Can't seem to find any online, which is weird.
I have a Boox Nova 3. I primarily use it as an e-reader and it's great at that. As far as general app usage goes it does work pretty well, most of the time.
Dark modes or anything with a similar color scheme really just don't work. In general most things are designed assuming a display that has more than a gradient between white/black. It does a really good job most of the time with making things presentable. The lower the contrast(?) of whatever your looking at the less you'll be able to make out any detail though.
I do think having something similar (or something like the Light phone moocow linked) is a neat idea. I'm sure you could get well over the 24/48 hours of battery life 'regular' smartphones get.
I almost got a lightphone, but cancelled my order when I thought more about how drastically the change would affect me.
While I want less screen time and to not be so reliant on a smartphone, I realized that it would likely not be sustainable. Also, input lag on texting would drive me bananas.
I really wanted to do something different to reduce screen time, I just can't figure out how to make it work in practice.
In terms of Boox devices there is Palma and a Poke 2, not sure what exact differences there are between those 2
In case you missed the detail, the Boox Palma isn't a smartphone. It has no support for SIM cards.
(It also doesn't have a headphone jack if that matters).
As an owner of a Palma, I wish it had sim support. Battery is excellent, reading is really nice, and the ability to setup 2FA apps is sweet. If I could make phone calls and tether other devices to a mobile through it, it would be perfect. Right now, it’s in an awkward place of being an amazing e-reader with network capabilities, and a really compact footprint.
It makes me hope that Boox is using the Palma as a test device to see if there’s market. At the same time, I know not to hold my breath.
God I wish I could justify the price of a Palma. It makes a ton of sense for me, since 80% of my time on my phone is reading of some form.
If it had a headphone jack, I would strongly consider buying a dumb phone for calls and text and using a Palma as my main device.
Ah I see, if the Palma had a SIM + headphone jack it would've been close in terms of dream phone.

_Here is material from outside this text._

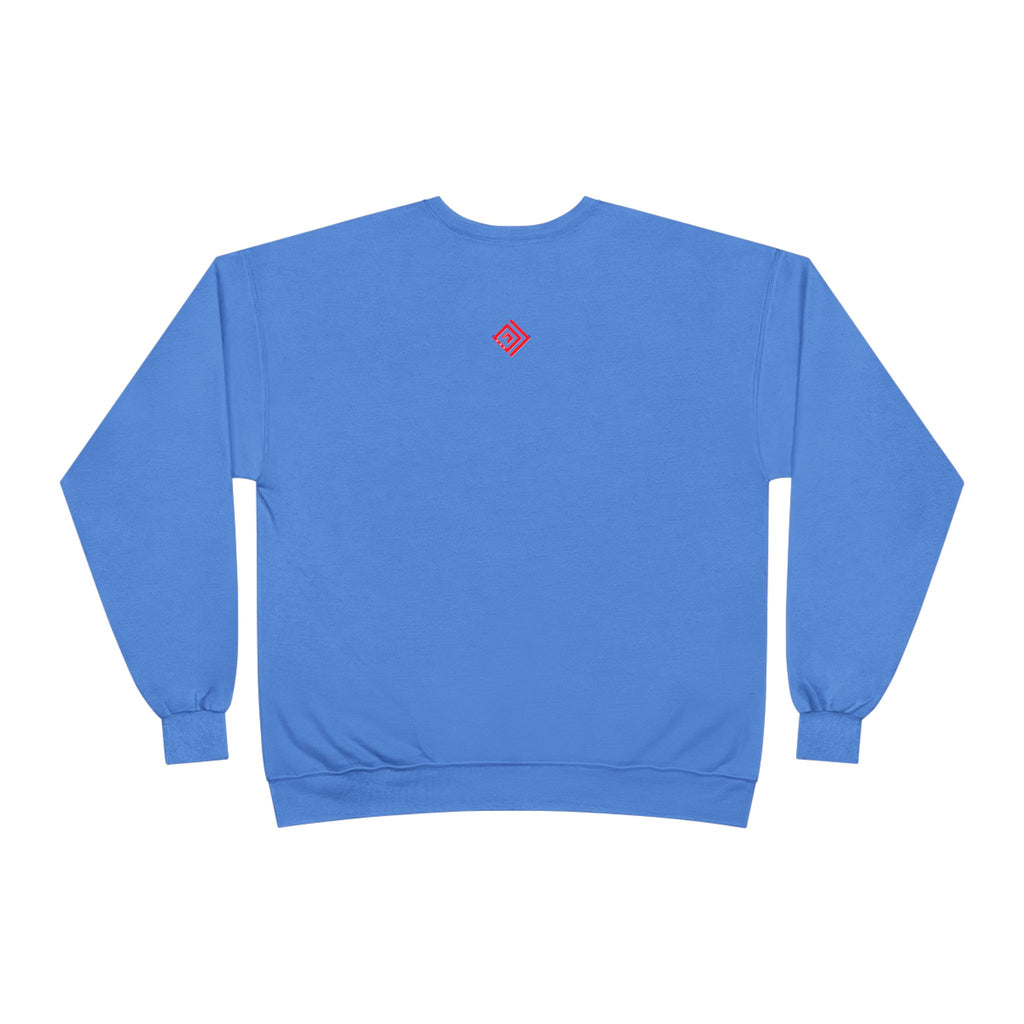 "The District" Crewneck Sweatshirt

Headphone jack would've been nice just because I don't think it has a built-in speaker and just has a mic? Would be a hassle setting up bt headphones every time you had to pick up a call
Can the Palma handle 2FA apps?
I have 2FA apps working on my Palma without issue. The Palma has 2 speakers and a microphone, but I cannot comment on quality. It also has Bluetooth, so if you want to setup headphones/earbuds/headset, you can. Yet again, I cannot comment on the Bluetooth, speaker, or microphone quality. I can say that the camera quality is quite poor, and if I’m remembering properly, requires you to use a “document scanner” app since there’s no dedicated app for just “photos”.
It really feels like 80% of my dream “simple” phone. Less distractions, still capable, long battery. The issue for me will continue to be the lack of sim support. I guess you could get away with having a dumb phone to act as a wireless network tether, but that seems like it would defeat the goal of simplicity since you’d have to carry around and constantly mess with two devices.
Ah I see, would you know if the Palma can handle messaging apps like Whatsapp or Signal?
I remember ogling Hisense A7 (or rather A7CC) once, but nothing came out of it. Color e-ink. It's fairly outdated by now, though. Still, an interesting device.
I feel like e-ink displays would comeback again one day, wasn't it a big issue with patents or something which restricted them? Having a secondary e-ink monitor could still be a big thing in the future
Not sure about patents, but quite likely. Phones would cross a major viability threshold once 24+ fps e-ink becomes affordable, for one.
More competition is always good, Kindle Scribe/Remarkable/Boox/Supernote + all the Chinese companies operating, hopefully we get to see good innovations this decade
The problem, as I understand it, in e-readers, is that you aren't truly looking at competition as they all (or the vast majority of them?) use the same screens, so there's really only so much any individual company can do to innovate.